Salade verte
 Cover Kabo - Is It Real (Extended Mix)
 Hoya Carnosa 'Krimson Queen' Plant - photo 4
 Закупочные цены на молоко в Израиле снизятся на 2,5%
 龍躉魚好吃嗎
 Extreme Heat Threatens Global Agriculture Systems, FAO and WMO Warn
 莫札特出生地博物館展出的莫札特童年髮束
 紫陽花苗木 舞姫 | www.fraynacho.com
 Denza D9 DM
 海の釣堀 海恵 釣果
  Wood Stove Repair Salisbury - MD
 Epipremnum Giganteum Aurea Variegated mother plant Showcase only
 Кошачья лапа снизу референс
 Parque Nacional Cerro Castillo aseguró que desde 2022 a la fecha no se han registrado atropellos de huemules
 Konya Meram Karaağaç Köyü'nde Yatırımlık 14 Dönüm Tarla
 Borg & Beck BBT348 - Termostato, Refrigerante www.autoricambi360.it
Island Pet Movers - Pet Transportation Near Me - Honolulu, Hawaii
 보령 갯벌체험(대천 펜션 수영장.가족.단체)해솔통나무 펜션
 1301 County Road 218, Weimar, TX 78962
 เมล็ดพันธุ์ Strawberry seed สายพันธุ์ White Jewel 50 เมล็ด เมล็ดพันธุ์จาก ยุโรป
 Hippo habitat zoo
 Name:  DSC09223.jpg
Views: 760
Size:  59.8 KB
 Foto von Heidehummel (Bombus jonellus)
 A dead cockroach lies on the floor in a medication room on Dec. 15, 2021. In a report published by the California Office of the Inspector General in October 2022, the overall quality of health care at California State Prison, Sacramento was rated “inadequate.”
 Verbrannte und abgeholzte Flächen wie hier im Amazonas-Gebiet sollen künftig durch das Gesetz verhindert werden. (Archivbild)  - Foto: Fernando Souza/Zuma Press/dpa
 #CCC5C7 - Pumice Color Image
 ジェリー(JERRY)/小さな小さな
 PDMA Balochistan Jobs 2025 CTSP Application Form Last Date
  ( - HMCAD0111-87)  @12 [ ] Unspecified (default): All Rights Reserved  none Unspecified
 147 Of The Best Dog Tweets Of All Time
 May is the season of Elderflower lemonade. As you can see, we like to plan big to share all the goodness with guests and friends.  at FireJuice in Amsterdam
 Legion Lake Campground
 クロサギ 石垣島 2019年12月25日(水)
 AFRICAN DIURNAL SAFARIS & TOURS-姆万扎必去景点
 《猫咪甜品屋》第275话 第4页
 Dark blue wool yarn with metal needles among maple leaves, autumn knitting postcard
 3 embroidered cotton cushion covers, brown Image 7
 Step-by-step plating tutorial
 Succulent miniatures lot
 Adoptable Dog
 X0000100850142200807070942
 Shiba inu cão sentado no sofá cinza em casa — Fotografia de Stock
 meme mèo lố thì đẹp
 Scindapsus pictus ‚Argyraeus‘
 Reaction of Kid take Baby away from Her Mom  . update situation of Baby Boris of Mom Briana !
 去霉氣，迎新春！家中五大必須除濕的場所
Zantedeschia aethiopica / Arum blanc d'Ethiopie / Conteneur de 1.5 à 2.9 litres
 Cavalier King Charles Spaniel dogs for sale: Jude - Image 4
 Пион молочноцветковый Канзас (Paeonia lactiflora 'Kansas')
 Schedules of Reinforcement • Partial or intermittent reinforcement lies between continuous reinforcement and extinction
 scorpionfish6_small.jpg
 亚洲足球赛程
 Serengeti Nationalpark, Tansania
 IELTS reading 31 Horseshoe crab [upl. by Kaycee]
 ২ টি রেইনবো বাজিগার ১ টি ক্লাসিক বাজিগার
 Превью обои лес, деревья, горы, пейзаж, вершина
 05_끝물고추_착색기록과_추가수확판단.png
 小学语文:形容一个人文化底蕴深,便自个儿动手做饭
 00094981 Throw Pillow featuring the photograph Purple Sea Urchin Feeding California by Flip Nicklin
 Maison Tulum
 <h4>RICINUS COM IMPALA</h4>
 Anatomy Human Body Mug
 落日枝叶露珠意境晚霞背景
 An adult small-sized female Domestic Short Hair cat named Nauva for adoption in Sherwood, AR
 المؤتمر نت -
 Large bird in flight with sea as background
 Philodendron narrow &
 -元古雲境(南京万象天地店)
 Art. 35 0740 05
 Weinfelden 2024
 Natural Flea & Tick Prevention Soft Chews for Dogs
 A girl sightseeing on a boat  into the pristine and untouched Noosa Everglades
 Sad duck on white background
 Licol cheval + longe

———

## TASK GOAL
Taking the records above, retype every line from the one with "Succulent miniatures lot" down to the one with "小学语文:形容一个人文化底蕴深,便自个儿动手做饭", exactly and with nothing else.

## SOLUTION TO THIS TASK
 Succulent miniatures lot
 Adoptable Dog
 X0000100850142200807070942
 Shiba inu cão sentado no sofá cinza em casa — Fotografia de Stock
 meme mèo lố thì đẹp
 Scindapsus pictus ‚Argyraeus‘
 Reaction of Kid take Baby away from Her Mom  . update situation of Baby Boris of Mom Briana !
 去霉氣，迎新春！家中五大必須除濕的場所
Zantedeschia aethiopica / Arum blanc d'Ethiopie / Conteneur de 1.5 à 2.9 litres
 Cavalier King Charles Spaniel dogs for sale: Jude - Image 4
 Пион молочноцветковый Канзас (Paeonia lactiflora 'Kansas')
 Schedules of Reinforcement • Partial or intermittent reinforcement lies between continuous reinforcement and extinction
 scorpionfish6_small.jpg
 亚洲足球赛程
 Serengeti Nationalpark, Tansania
 IELTS reading 31 Horseshoe crab [upl. by Kaycee]
 ২ টি রেইনবো বাজিগার ১ টি ক্লাসিক বাজিগার
 Превью обои лес, деревья, горы, пейзаж, вершина
 05_끝물고추_착색기록과_추가수확판단.png
 小学语文:形容一个人文化底蕴深,便自个儿动手做饭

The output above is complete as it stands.